I arrived at the side entrance, a large unloading spot to the hospital with about 12 staff members milling about smartly. They were all on hand because you really don’t know what you have until the doors open up. We heard that an Army team was ambushed in their Bradley and blown up with a particularly nasty IED mixed with a sort of napalm concoction. Everyone was pretty tense with only nervous banter being thrown about, especially from the new Sailor standing next to me.
The ambulance arrived, turned around and backed up. The loud diesel engine shut off followed by the doors flying open and a silence settled over the group of us standing there. Slowly, the first of four forms materialized out of the back. He was burned beyond anything I had ever seen. The skin was dripping off him in places. His ears were gone along with his nose. Pieces of his gear melted into his body and flesh charred. His guttural cries as he moved inch by inch out of the ambulance. The young Sailor next to me vomited into the top of a small Hesco barrier that was filled with dirt when the overpowering smell of burnt flesh hit him. The nurses were trying to be gentle with them, tears in their eyes as the Doctors and orderlies assisted their movement to the ER. This was no doubt a horrible one as each Soldier looked as bad as the first. Lots of emotions flash through my mind, none of them I’m able to express without being tossed out of the Marine Corps or attacked by CAIR .
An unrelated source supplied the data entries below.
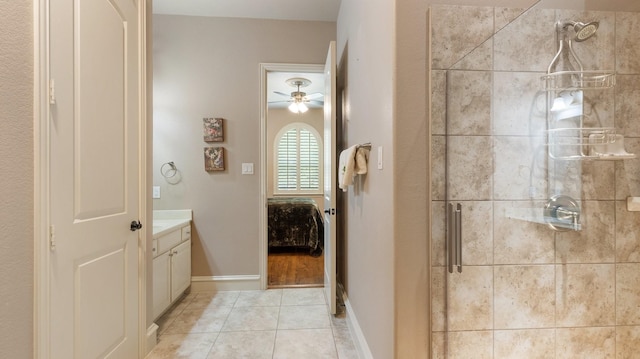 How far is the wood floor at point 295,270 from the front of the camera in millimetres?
3133

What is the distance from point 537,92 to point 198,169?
2.86m

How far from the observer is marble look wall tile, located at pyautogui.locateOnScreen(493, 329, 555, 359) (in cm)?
132

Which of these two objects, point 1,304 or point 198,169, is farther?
point 198,169

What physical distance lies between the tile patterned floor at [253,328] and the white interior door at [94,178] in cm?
43

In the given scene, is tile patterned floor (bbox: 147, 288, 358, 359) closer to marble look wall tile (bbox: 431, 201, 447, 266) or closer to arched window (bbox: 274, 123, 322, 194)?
marble look wall tile (bbox: 431, 201, 447, 266)

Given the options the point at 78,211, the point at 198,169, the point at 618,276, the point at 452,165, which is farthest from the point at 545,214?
the point at 198,169

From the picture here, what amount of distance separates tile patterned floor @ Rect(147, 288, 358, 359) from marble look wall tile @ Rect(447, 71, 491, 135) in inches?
62.4

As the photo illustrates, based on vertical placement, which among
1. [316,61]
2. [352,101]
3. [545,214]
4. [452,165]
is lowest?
[545,214]

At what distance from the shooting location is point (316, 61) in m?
3.01

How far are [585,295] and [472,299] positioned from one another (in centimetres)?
51

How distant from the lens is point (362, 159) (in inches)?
67.3

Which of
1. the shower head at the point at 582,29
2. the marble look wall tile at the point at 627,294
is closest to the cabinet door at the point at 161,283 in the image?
the marble look wall tile at the point at 627,294

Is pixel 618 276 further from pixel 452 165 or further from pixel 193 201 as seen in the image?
pixel 193 201

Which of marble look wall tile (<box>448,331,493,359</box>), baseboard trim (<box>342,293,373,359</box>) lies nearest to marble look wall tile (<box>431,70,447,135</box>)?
marble look wall tile (<box>448,331,493,359</box>) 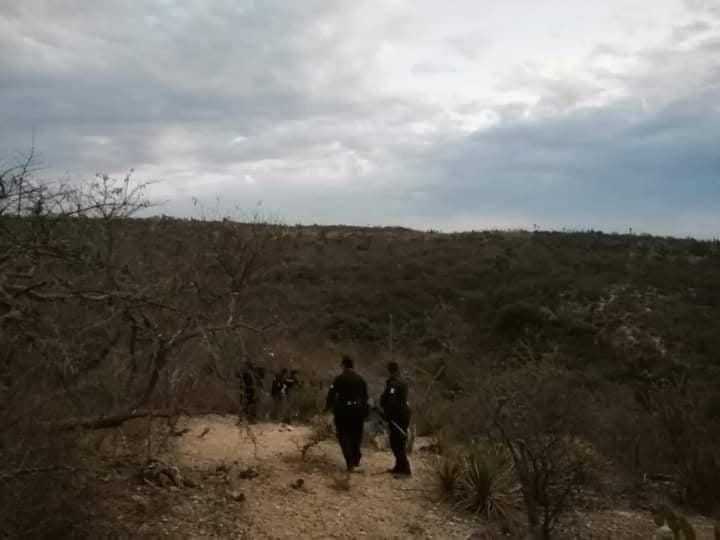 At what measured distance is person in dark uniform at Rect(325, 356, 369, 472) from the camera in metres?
10.6

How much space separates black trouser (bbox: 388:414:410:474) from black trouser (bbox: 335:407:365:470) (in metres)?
0.42

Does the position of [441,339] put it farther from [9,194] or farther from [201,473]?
[9,194]

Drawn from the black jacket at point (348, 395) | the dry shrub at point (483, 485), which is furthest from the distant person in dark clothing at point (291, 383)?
the dry shrub at point (483, 485)

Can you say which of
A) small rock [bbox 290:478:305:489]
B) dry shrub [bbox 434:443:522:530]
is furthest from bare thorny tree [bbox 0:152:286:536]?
dry shrub [bbox 434:443:522:530]

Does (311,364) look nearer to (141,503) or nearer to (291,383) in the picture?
(291,383)

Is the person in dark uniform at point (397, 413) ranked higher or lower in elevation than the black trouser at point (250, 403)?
higher

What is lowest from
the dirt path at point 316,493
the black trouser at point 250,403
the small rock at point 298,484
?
the dirt path at point 316,493

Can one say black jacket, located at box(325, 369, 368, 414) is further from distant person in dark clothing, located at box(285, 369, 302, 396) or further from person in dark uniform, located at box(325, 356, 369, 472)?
distant person in dark clothing, located at box(285, 369, 302, 396)

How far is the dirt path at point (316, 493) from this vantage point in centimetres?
898

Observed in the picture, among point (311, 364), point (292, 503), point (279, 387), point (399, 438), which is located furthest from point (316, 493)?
point (311, 364)

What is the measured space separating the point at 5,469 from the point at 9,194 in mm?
2615

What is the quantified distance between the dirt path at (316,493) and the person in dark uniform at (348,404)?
0.52m

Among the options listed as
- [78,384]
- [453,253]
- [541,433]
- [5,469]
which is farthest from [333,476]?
[453,253]

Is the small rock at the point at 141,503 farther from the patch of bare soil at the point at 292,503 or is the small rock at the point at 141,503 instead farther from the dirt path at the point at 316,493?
the dirt path at the point at 316,493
This really affected everyone standing there that day. These events were barely mentioned later, because as much as you wanted them to survive, you were watching the walking dead (I fear they knew it too).
We lost one there on the ER table, another on the flight to Ballad Air Base in Northern Iraq , followed by a third death over the Atlantic and the fourth Soldier; he succumbed to his injuries and passed on in San Antonio .
That is what I think about when Memorial Day arrives. It’s the service members who will never return to see their families again. The young men and women who volunteered to serve their country with no thought as to their safety, all willing to pay the ultimate price with their lives. That is what this weekend is about so the rest of America can enjoy the time off Monday with friends.
As you tip that cold drink, cook that steak and hang out with your friends, please remember those men and women who have served over the years to give us the freedoms we have. They paid for it with their lives.
To those men and women, and the many hundreds of thousands before them who have passed, gone West and now guarding the gates of heaven, God Bless you for your duty and Godspeed.
ps, this is a repost from last year and one that I feel captures what Memorial day means to me.